Vale a pena ser dito que os montanistas da Frígia no segundo século, apelaram ao uso do evangelho de João por causa do modo como a doutrina era exposta. Essa proximidade geográfica, parece favorecer a idéia de que o evangelho tenha sido originalmente escrito naquela região. Favorece essa conclusão, o fato de que Atos narra entre os capítulos 18e 19 que ainda havia em Éfeso um grupo de discípulos de João Batista. Normalmente se defende que os acontecimentos narrados em Atos teriam acontecido entre 50 e 55 d.C. Portanto, é plausível que a similaridade com os escritos essênios tenham o propósito de alcançar pessoas ainda sob influência do doutrinamento de João Batista. Soma-se a isso, o fato de o quarto evangelho deixar tão evidente um papel secundário e pequeno para João Batista, e enfatizar o seu testemunho a respeito de Cristo. Portanto, embora não se possa afirmar conclusivamente, parece seguro assumir que Irineu está correto sobre a origem do Quarto Evangelho foi em Éfeso, e que João escreve primeiramente para gentios cristãos que precisavam ser fortalecidos em sua fé.

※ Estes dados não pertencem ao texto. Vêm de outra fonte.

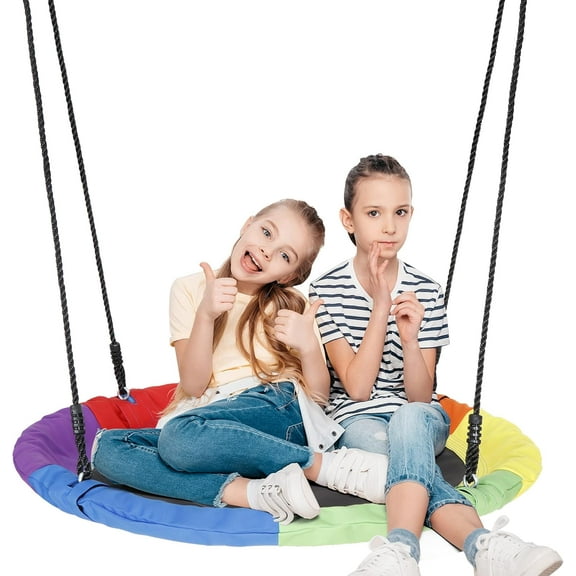 YSNW 40 Inch Saucer Tree Swing Set for Kids, 800lbs Rainbow Flying Swing Seat with Adjustable Hanging Ropes, Waterproof Textliene Fabric and Steel Frame for Outdoor Playground Backyard(Multicolor)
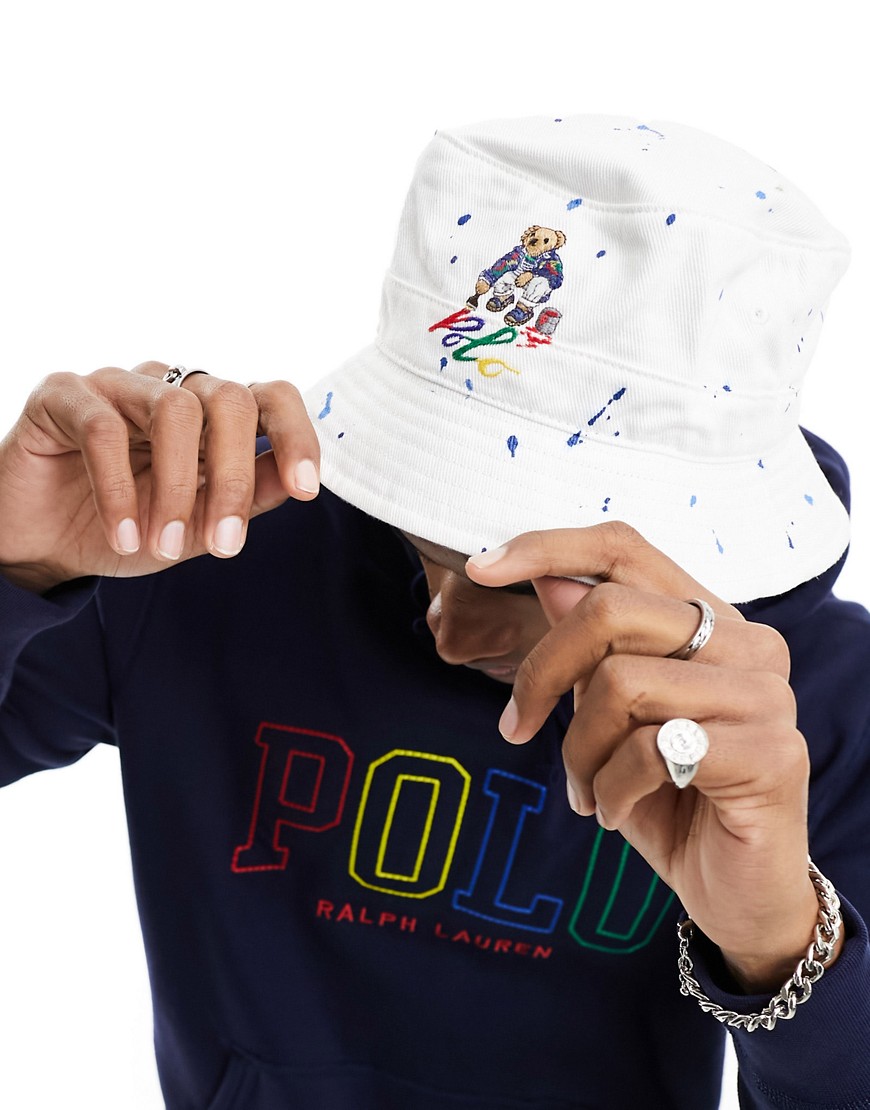 Polo Ralph Lauren bucket hat in white with bear logo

É importante lembrar o leitor que, é bem provável que o pano de fundo conceitual mais apropriado para o evangelho seja o próprio Antigo Testamento e o ambiente da religião judaica ortodoxa do primeiro século, assunto que trataremos quando tratarmos da Teologia do Autor.

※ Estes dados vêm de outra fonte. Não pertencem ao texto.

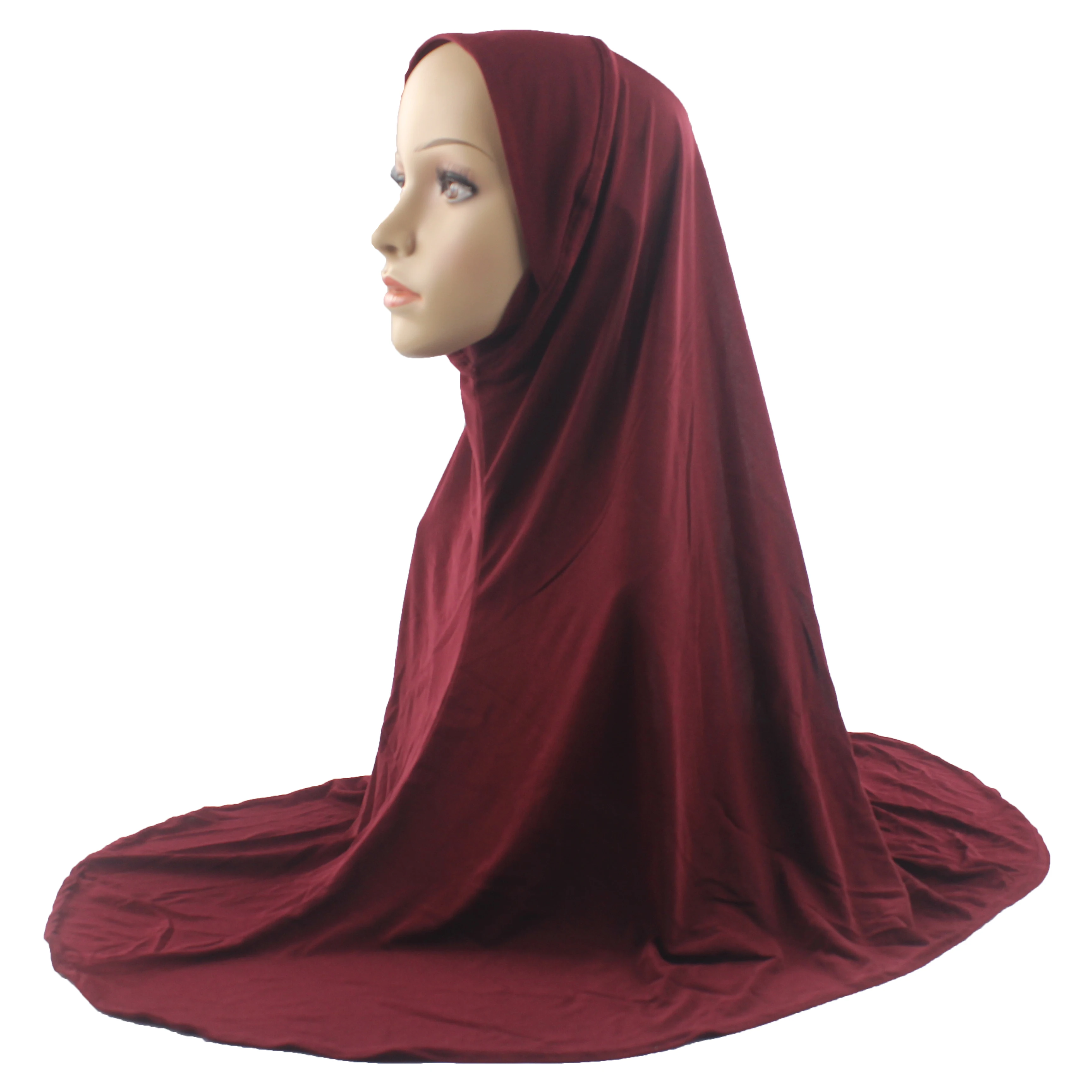 

Muslim Woman Girls Hijab Islamic Hijab Scarf One Piece Amira Fashion Solid Color Soft and Stretch Material Wholesale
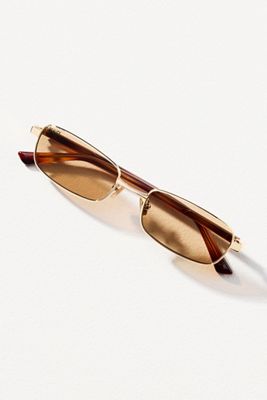 Reality Eyewear Slim Rectangle Metal Sunglasses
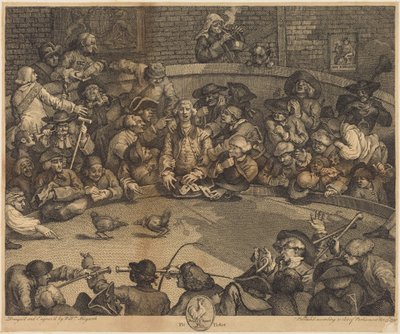 闘鶏場 作： William Hogarth
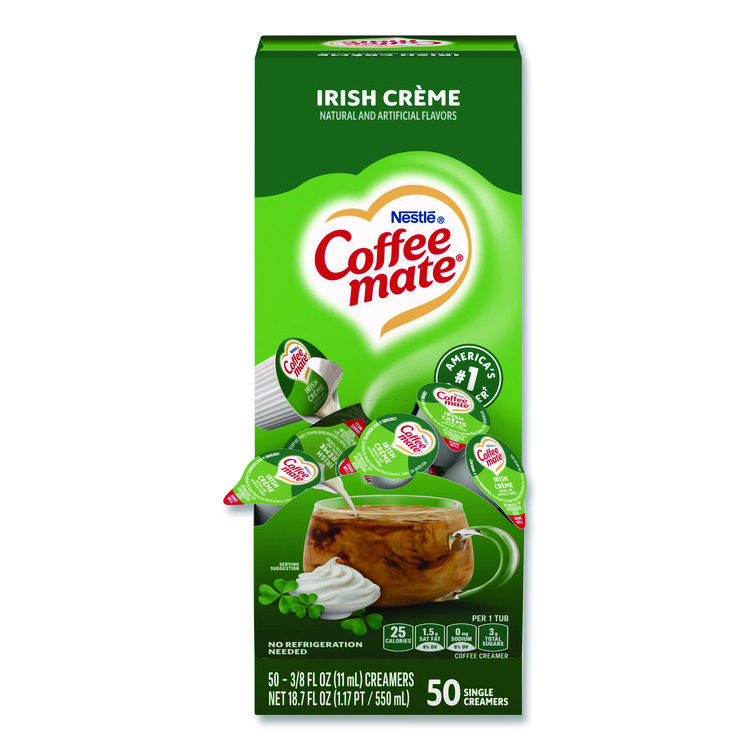 Coffee mate Liquid Coffee Creamer, Irish Cream, 0.38 oz Mini Cups, 50/Box (NES35112)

[1] Irineu, Opt. Cit. , III, 1, n. 2
[2] Eusébio de Cesaréia, História Eclesiástica. 4.14.3-8
[3] Rudolf Bultmann, Teologia do Novo Testamento. pp.438.
[4] Idem, Ibid.
[5] Idem, pp.442.
[6] Leonard Gopelt, Teologia do Novo Testamento. pp.513-4.
[7] Idem, pp. 514
[8] Werner Gerog Kümmel, Síntese Teológica do Novo Testamento. pp.318.